The results of this research showed that digital technologies like BIM, BI and automated data exchange can be seamlessly integrated with lean practices and bring considerable improvement in project delivery time of construction. VSM allowed for time savings, in a selected excavation activity around 15% which accounted for about 2.06% reduction in overall project time.

Through real time digital connectivity, everyone in the value chain from site managers and engineers–could see the progress at a glance, get instantaneous updates on model changes or hazards to schedule and act on issues far quicker than with traditional reporting. In addition to the ability for faster review and feedback, accessible data also helps teams collaborate more effectively, hold each other accountable more efficiently and enables faster decision making. With constant visibility and automatic notifications, perceived benefits like better role clarity and ownership can be gained. The case also demonstrated the significance of feedback hardwire support and customization.

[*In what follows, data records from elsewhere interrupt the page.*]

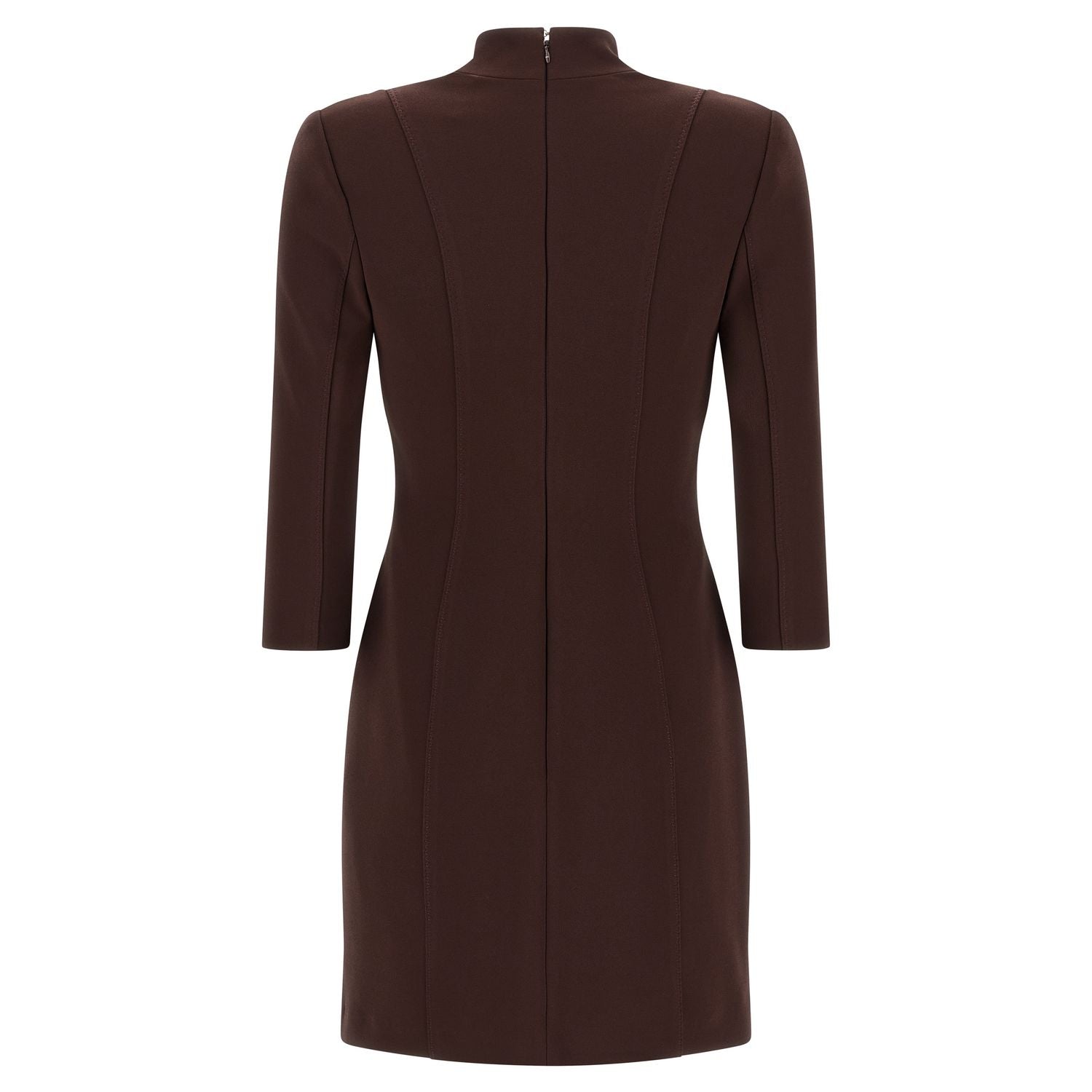 Elisabetta Franchi Brown Polyester Short Dress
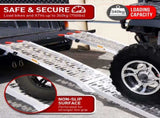 Kartrite 2 x Aluminium ATV Loading Ramp Foldable - Silver ATV-01A-SL-2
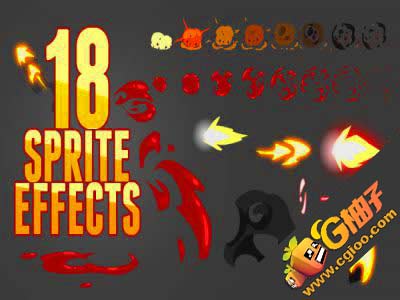 18 AMAZING SPRITE EFFECTS 1.0 unityshader插件模型 unity3d插件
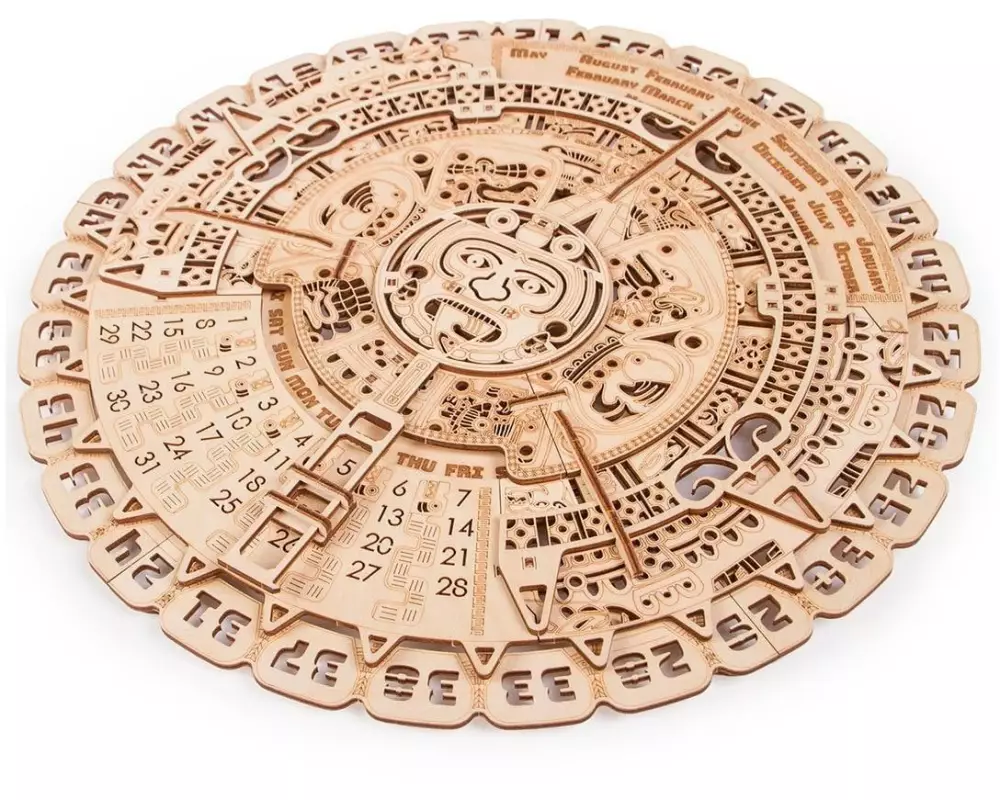 WoodTrick Bausatz Maya-Kalender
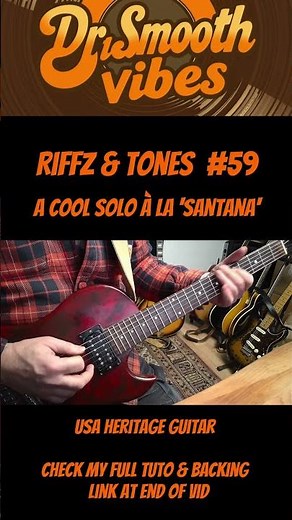 Riffz 'n Tones #59 - Carlos Santata style Lead - dorian tuto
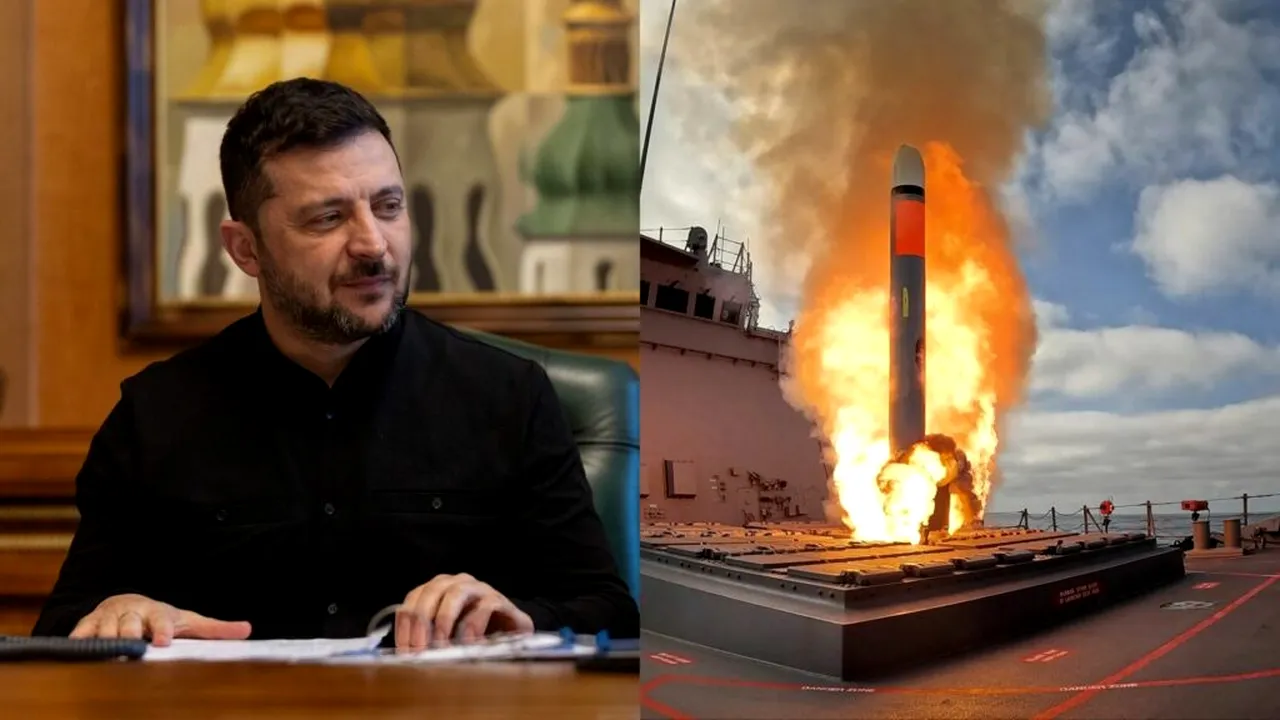 Aflat în SUA, Zelenski s-a întâlnit joi cu producătorii de rachete Tomahawk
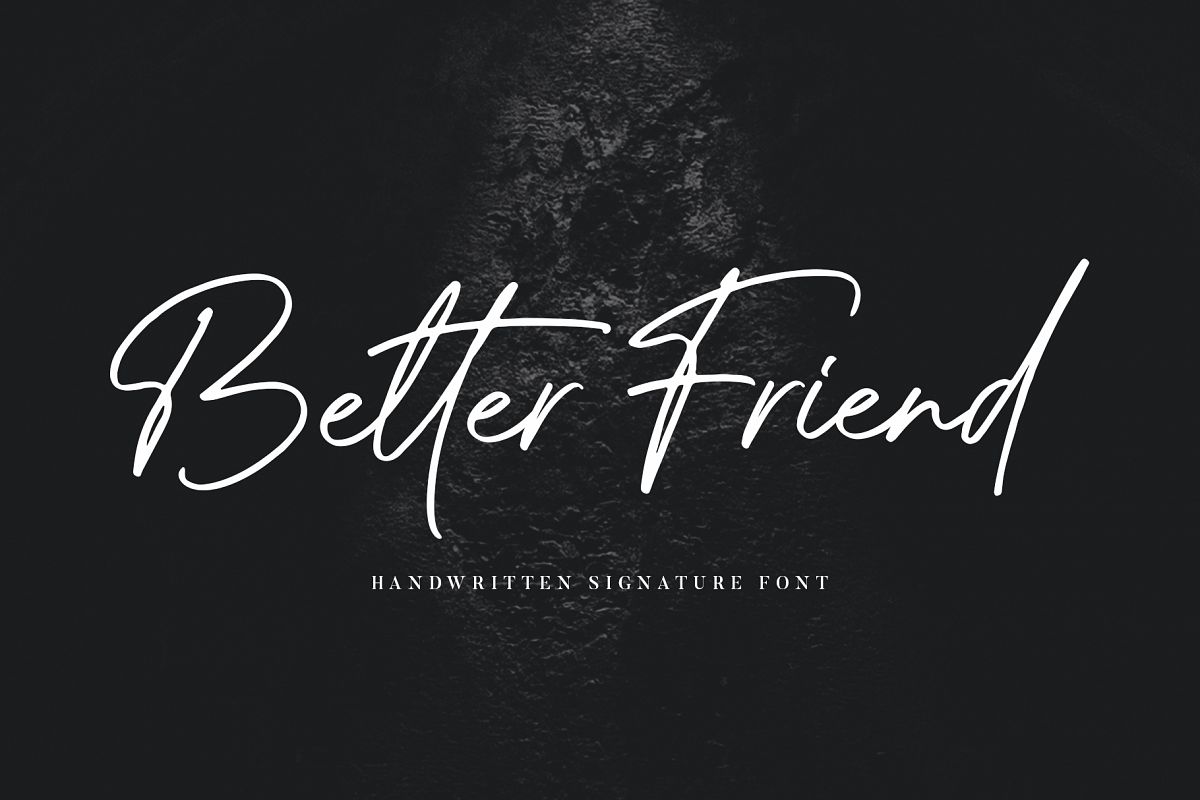 Better Friend Font example image 1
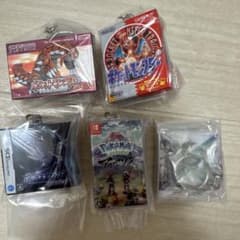 ポケモン パッケージ&カートリッジ キーホルダーコレクション アルセウス 5個のサムネイル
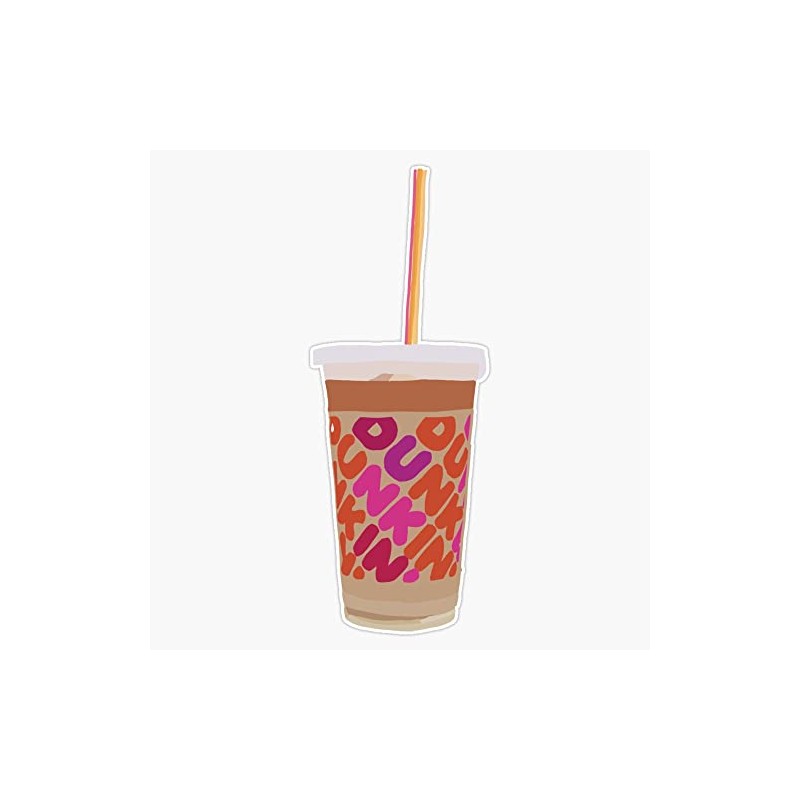 Magnet Dunkin Magnetic Vinyl Sticker 5"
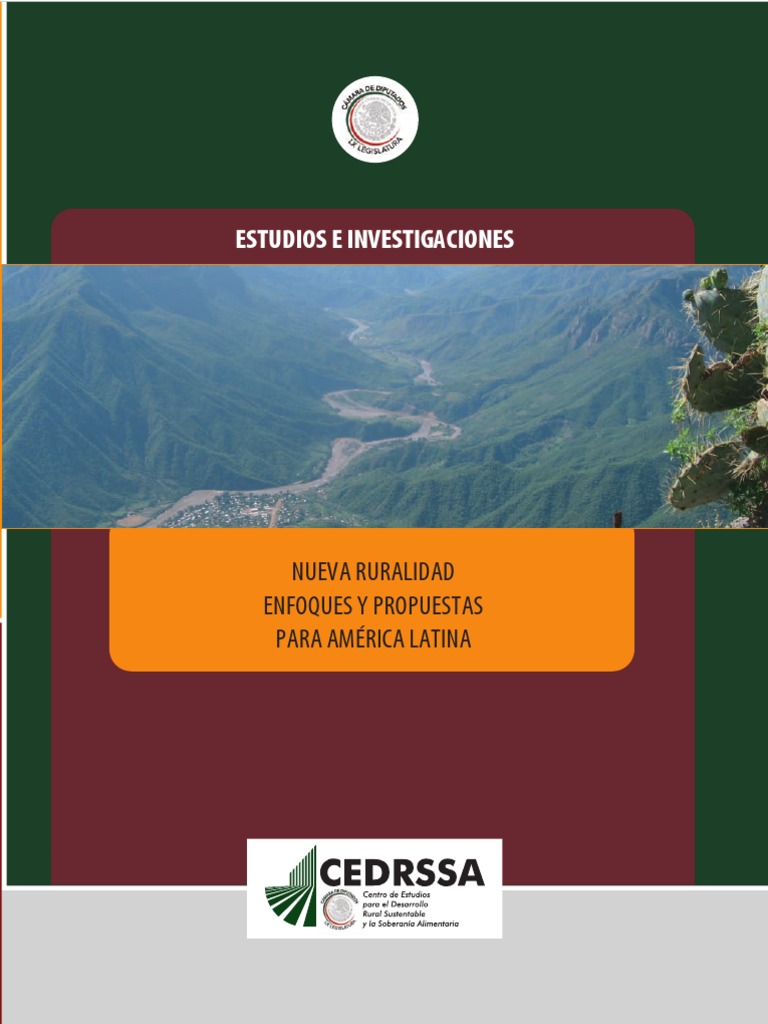 Nueva Ruralidad, Enfoques y Propuestas para América Latina | PDF | Área ...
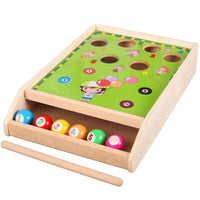 Mini Billiard Table Toy Parent-Child Interaction Mini Billiard Table Portable Desktop Game for Preschoolers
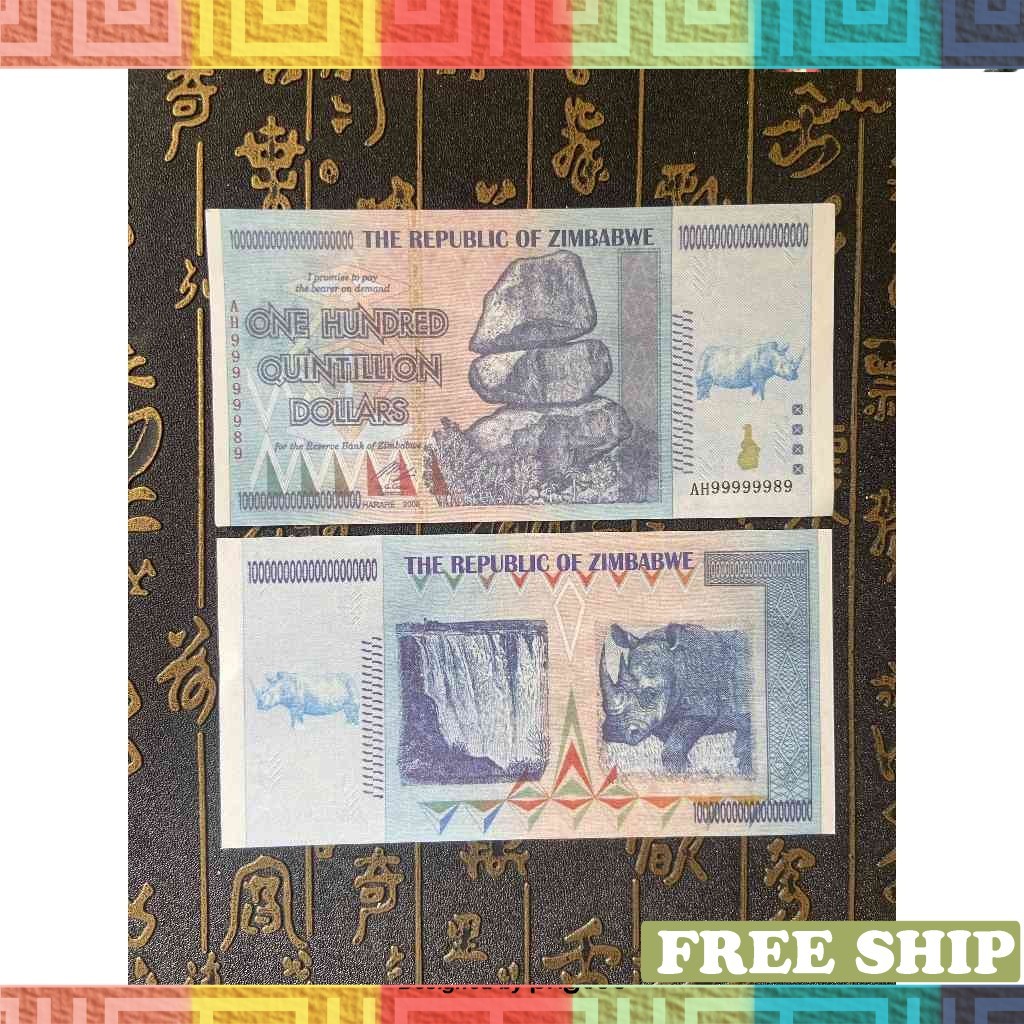 [BS] ซื้อ Zimbabwe Money 100 Million Billion – หายาก & พร้อมมูลค่าสะสม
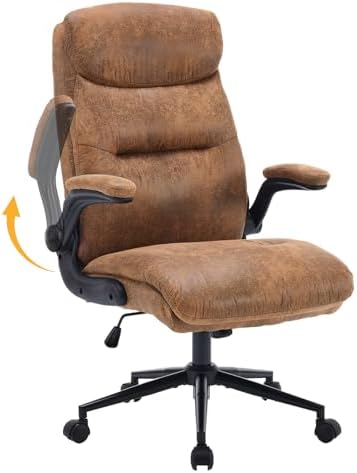 Karl home Ergonomic Office Chair High Back, Bronzing Brown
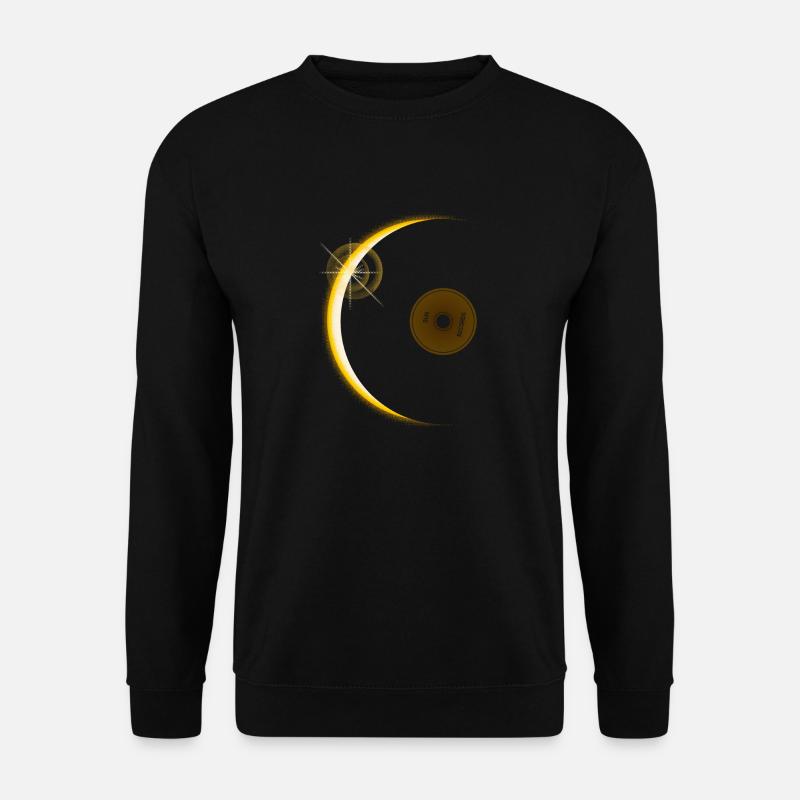 Vinyl eclipse - Unisex Sweatshirt - black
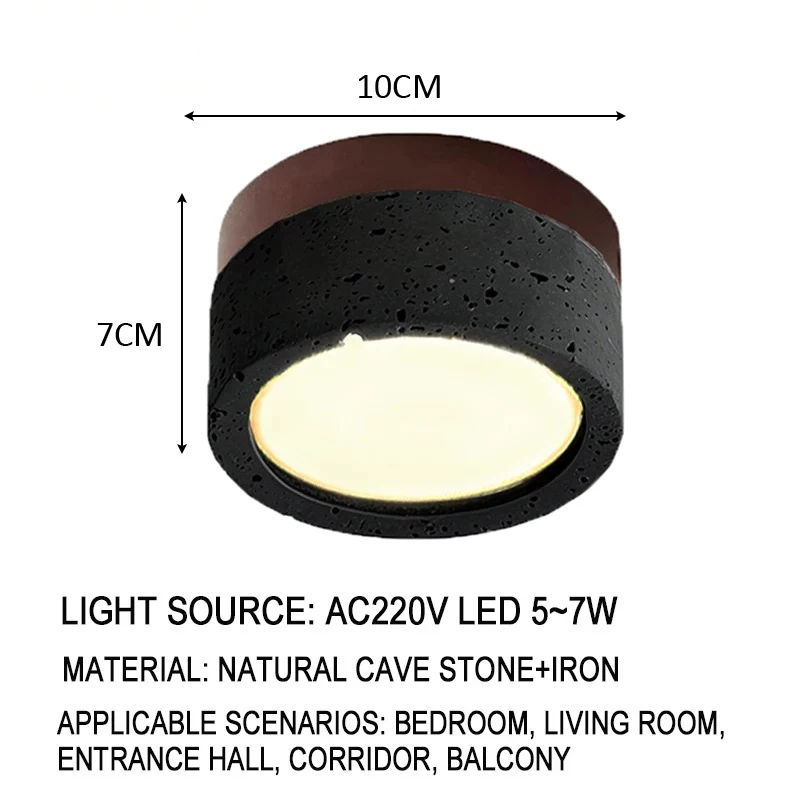 Wabi Sabi Italian Minimalist Black Travertine Ceiling Light For Hallway Cloakroom Entry Home Nordic Balcony Lighting
Wabi Sabi Italian Minimalist Black Travertine Ceiling Light For Hallway Cloakroom Entry Home Nordic Balcony Lighting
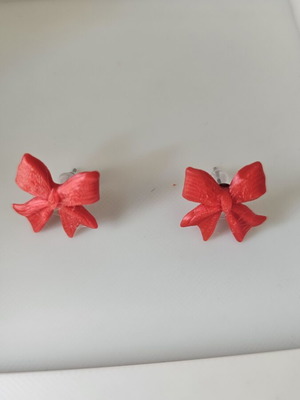 Bow Earrings new, handmade design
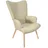 Svita Ohrensessel OLAV Polyester 64 x 96 x 70 cm Beige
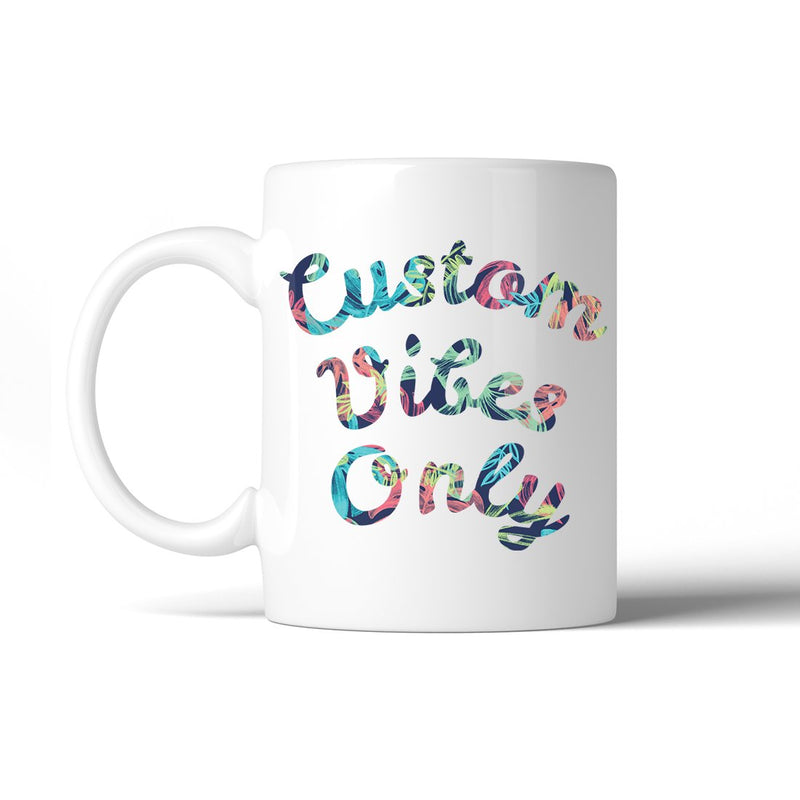 Colorful Overlay Text Adorable Cool 11oz Personalized Ceramic Mug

The results of this study can be viewed in the context that a scaleable lean-digital integration may not only increase the performance of individual projects, but also could help in creating a consistent pattern in the construction industry.

All of these need to be further underpinned and developed through greater investment in digital infrastructure, training team members and creating an iterative approach towards process improvements. The benefits for practice will help to support the wider industry move towards complete lean and digital adoption resulting in more efficient, transparent projects that are competitive globally over the long term.